▸ **ASSIGNMENT**:
Using the data below, output a verbatim copy of the lines between the one holding "Shop Sacai Zip-up Long-sleeve Coat In Black" and the one holding "Eskandar Wide Longer-Back", inclusive, without any pictures.

▸ **DATASET EXTRACT**:
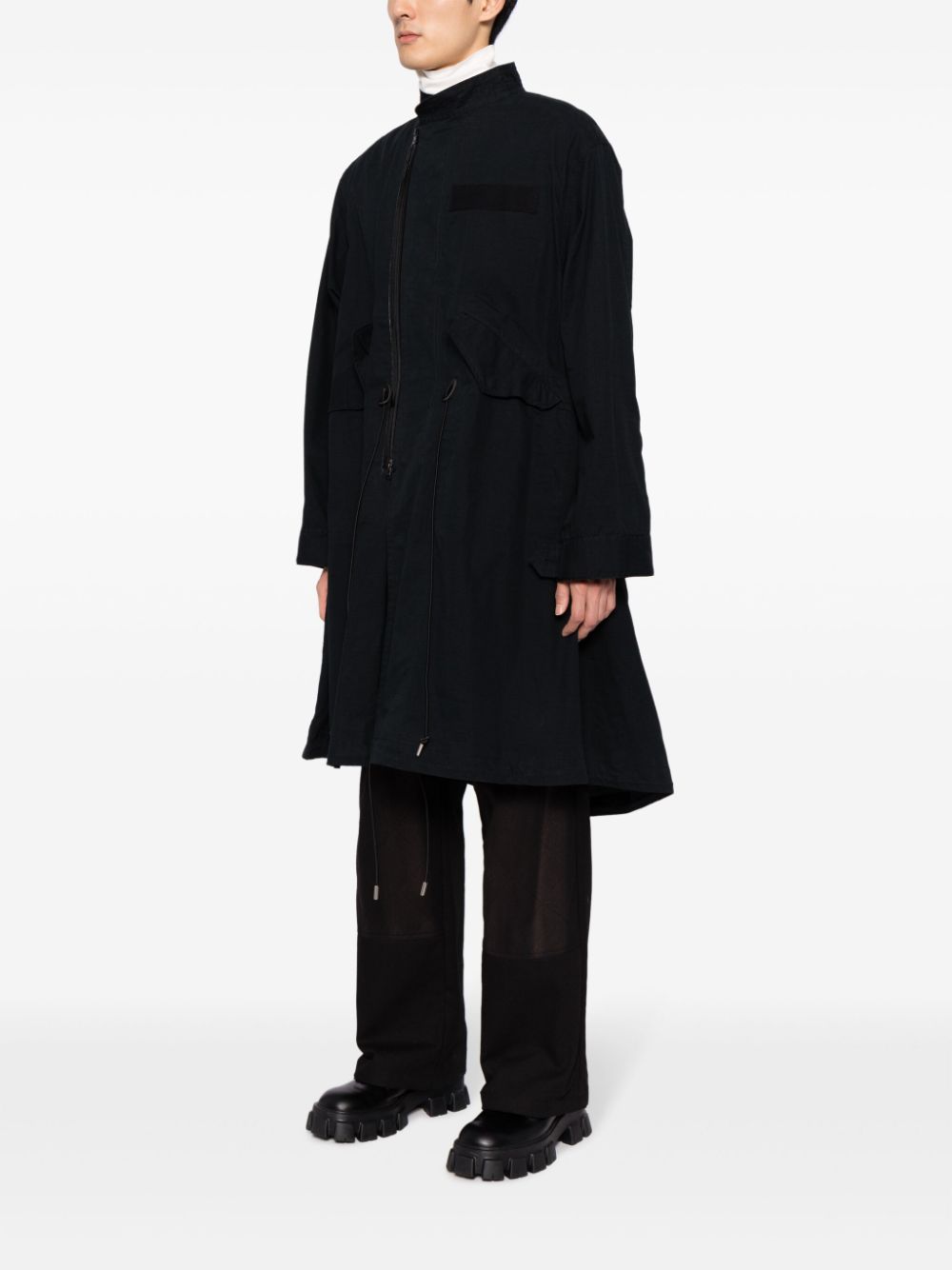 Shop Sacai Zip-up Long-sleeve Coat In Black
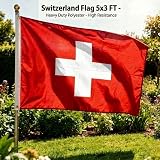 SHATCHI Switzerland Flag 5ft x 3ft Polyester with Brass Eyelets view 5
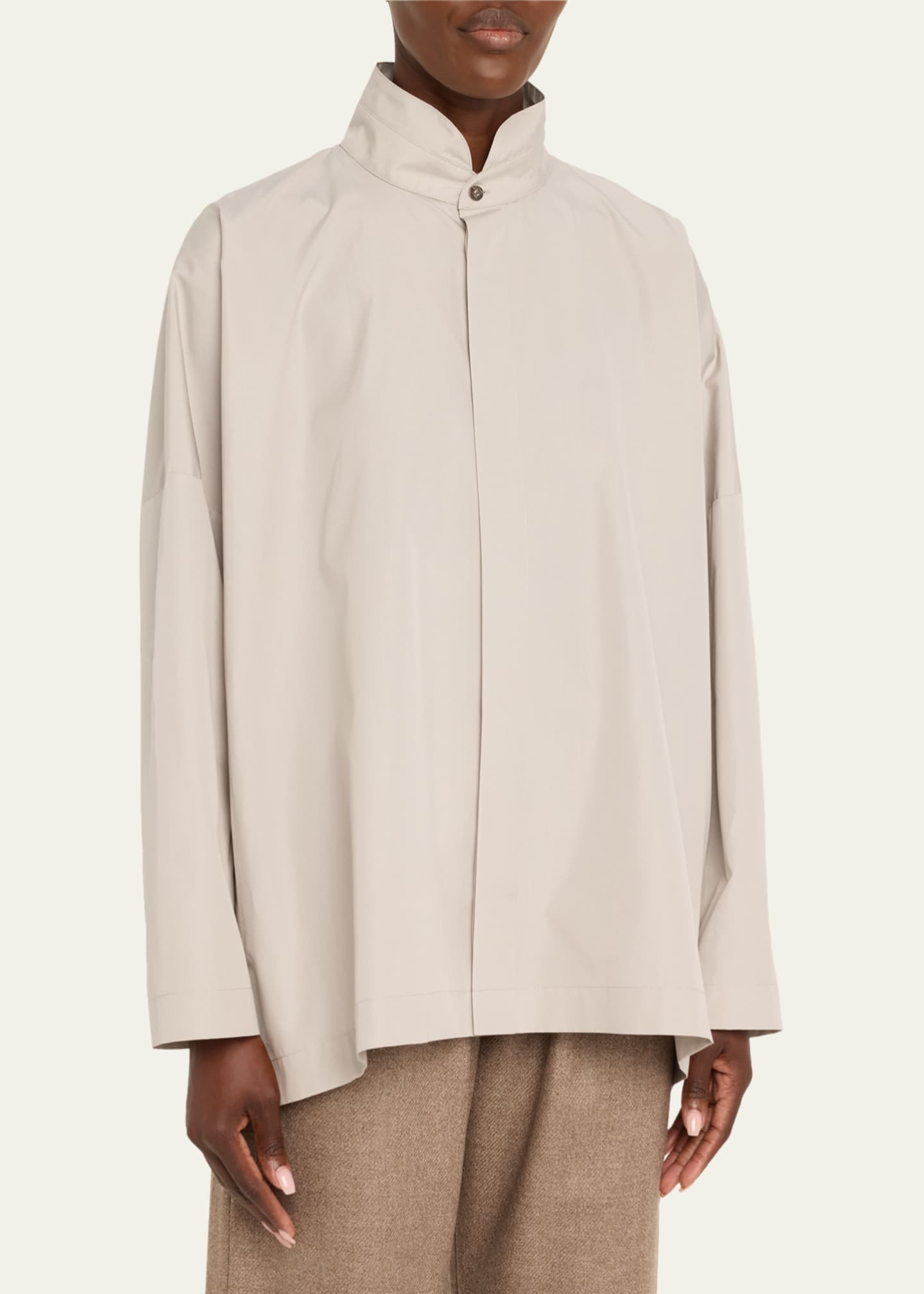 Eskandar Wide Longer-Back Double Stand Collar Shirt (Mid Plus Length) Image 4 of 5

...

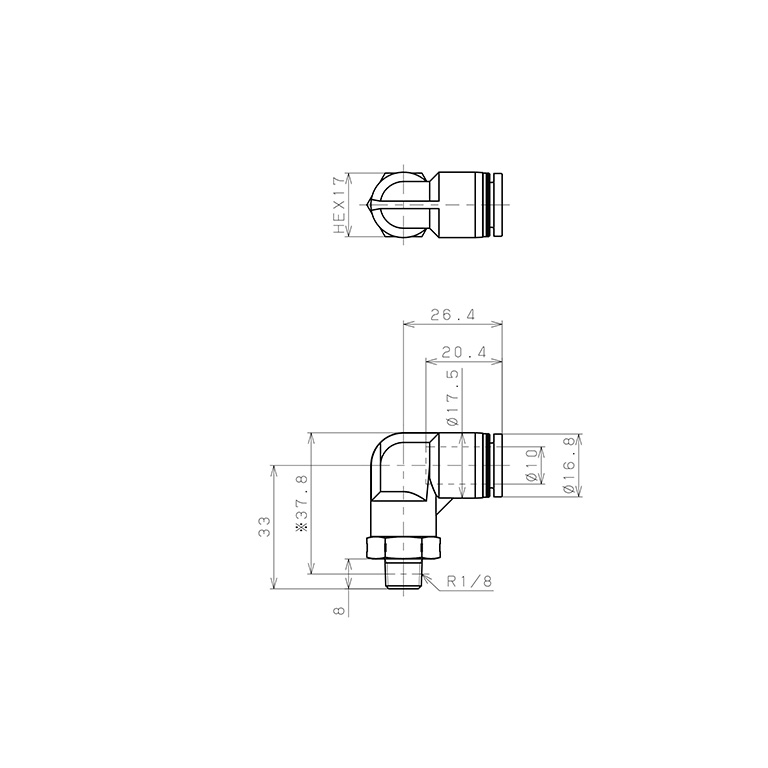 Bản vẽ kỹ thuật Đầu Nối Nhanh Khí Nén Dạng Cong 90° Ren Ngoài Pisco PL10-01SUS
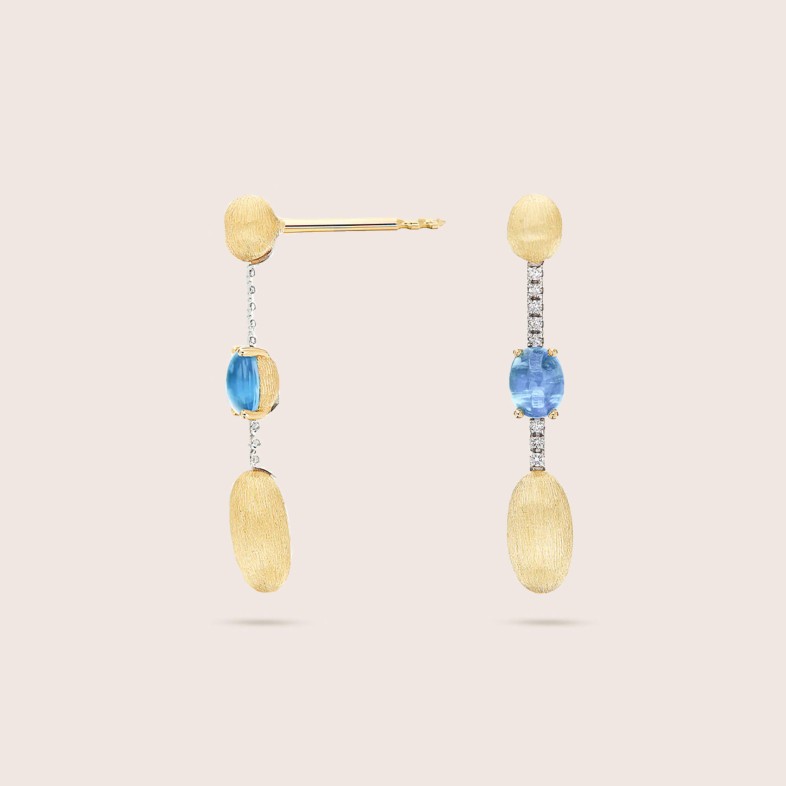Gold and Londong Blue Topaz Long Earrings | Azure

▸ **WRITTEN ANSWER**:
 Shop Sacai Zip-up Long-sleeve Coat In Black
 SHATCHI Switzerland Flag 5ft x 3ft Polyester with Brass Eyelets view 5
 Eskandar Wide Longer-Back Double Stand Collar Shirt (Mid Plus Length) Image 4 of 5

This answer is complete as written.